Authorisation Number: 1012595755378

Ruling

Subject: Conservation covenant

Question

Will the payments you receive in relation to your conservation covenant be treated as capital gains or losses under section 104-47 of the Income Tax Assessment Act 1997 ( ITAA 1997) and be subject to taxation if and when you sell your property in the future?

Answer

Yes.

This ruling applies for the following periods:

Year ended 30 June 2011

Year ended 30 June 2012

Year ended 30 June 2013

Year ending 30 June 2014

Year ending 30 June 2015

Year ending 30 June 2016

Year ending 30 June 2017

The scheme commences on:

1 July 2010

Relevant facts and circumstances

You own a property, which, apart from the domestic area, is entirely bush.
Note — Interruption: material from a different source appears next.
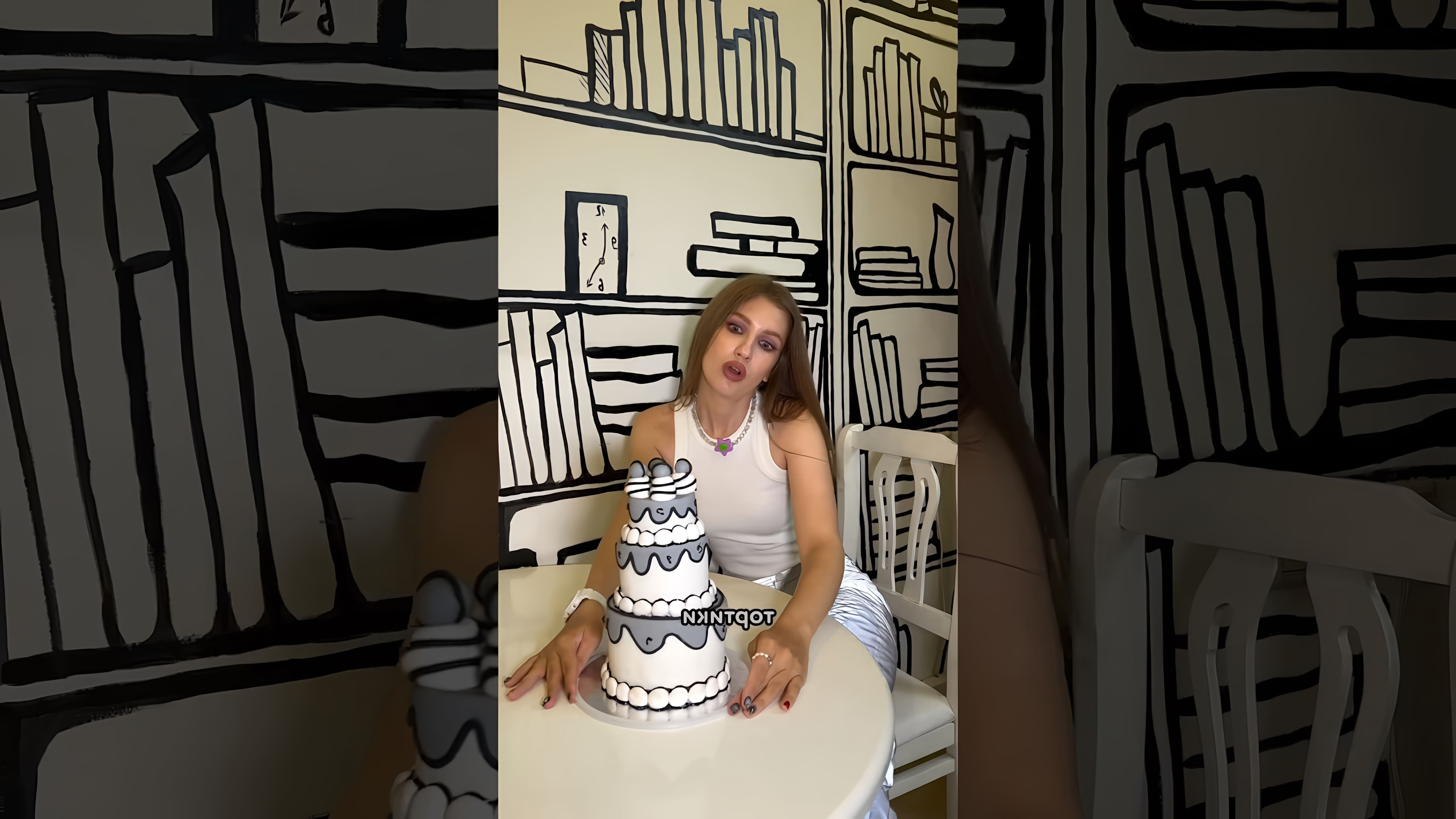 В этом видео-ролике вы увидите мультяшные тортики в Ереване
You have never previously received any money in relation to the property.

During the year ended 30 June 2011, you entered into a conservation covenant with Trust For Nature (Victoria), who are a government agency with a mission statement to strive to ensure that all significant natural areas in private ownership in Victoria are conserved.

Your conservation covenant will make annual payments to you over eleven years.
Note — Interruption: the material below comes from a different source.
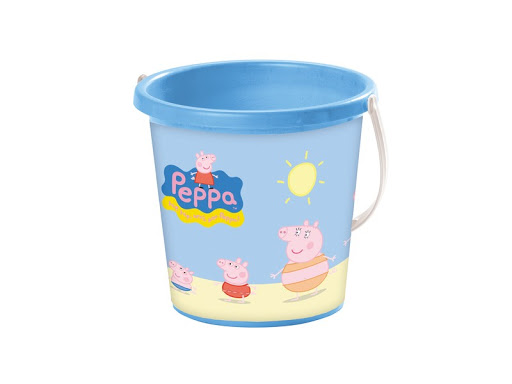 IML Peppa Pig Bucket,plastic peppa pig bathroom,IML bedroom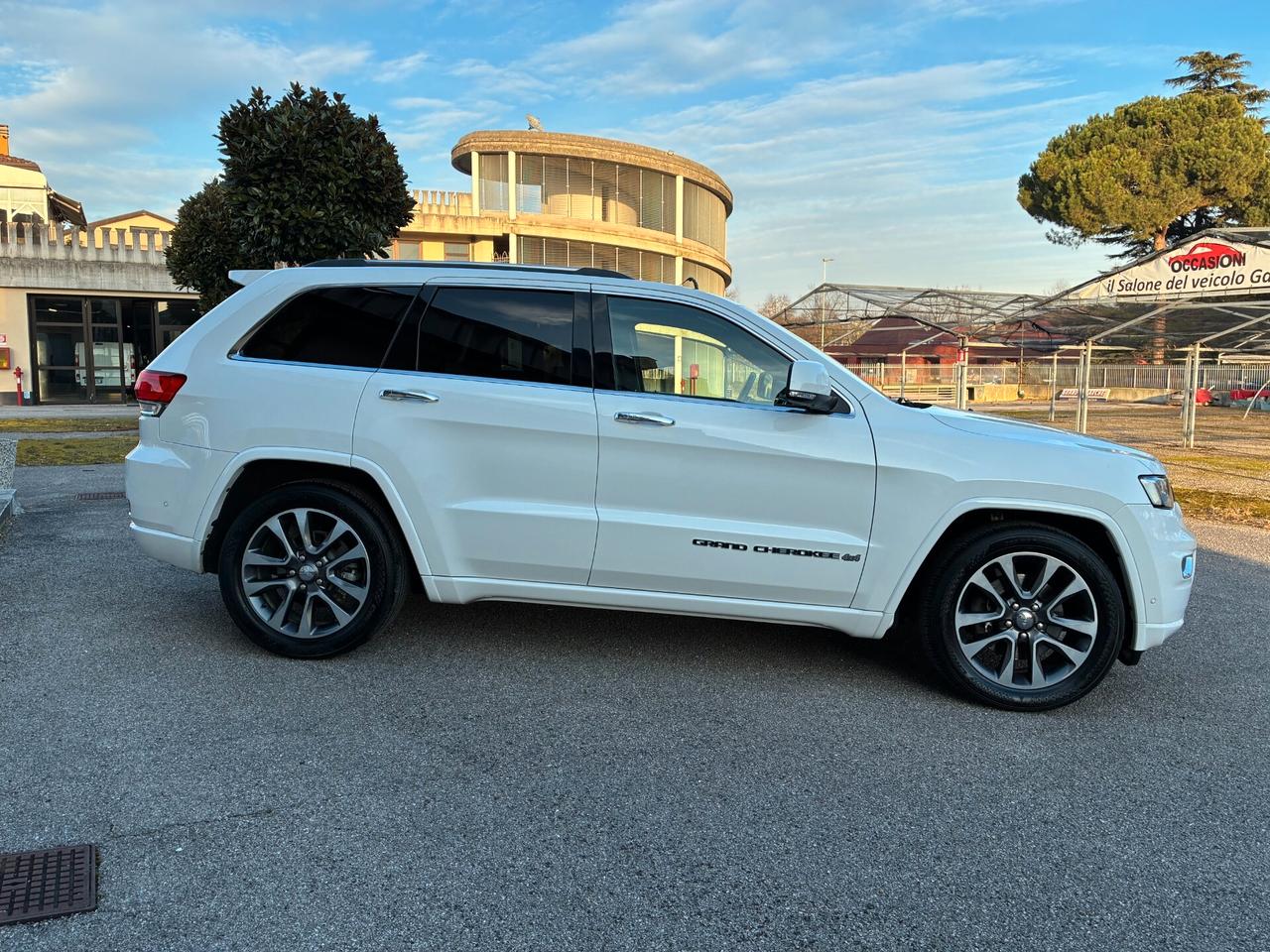 Jeep Grand Cherokee 3.0 V6 CRD 250 CV Multijet II Overland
Relevant legislative provisions

Income Tax Assessment Act 1997 Section 104-47

Reasons for decision

Section 104-47 of the ITAA 1997 is about conservation covenants and states CGT event D4 happens if you enter into a conservation covenant over land you own.

It states the time of the event is when you enter into the covenant.

You make a capital gain if the capital proceeds from entering into the covenant are more than that part of the cost base of the land that is apportioned to the covenant. You make a capital loss if those capital proceeds are less than the part of the reduced cost base of the land that is apportioned to the covenant.

Importantly, subsection 104-47(5) of the ITAA 1997 specifies:

    The cost base and reduced cost base of the land are reduced by the part of the cost base or reduced cost base of the land that is apportioned to the covenant.

The part of the cost base of the land that is apportioned to the covenant is worked out in this way:

    Cost base of land × Capital proceeds from entering into the covenant

    Those capital proceeds plus the market value of

    the land just after you enter into the covenant

    Example:

    Lisa receives $10,000 for entering into a conservation covenant that covers 15% of the land she owns. Lisa uses the following figures in calculating the cost base of the land that is apportioned to the covenant:

    The cost base of the entire land is $200,000.

    The market value of the entire land before entering into the covenant is $300,000, and its market value after entering into the covenant is $285,000.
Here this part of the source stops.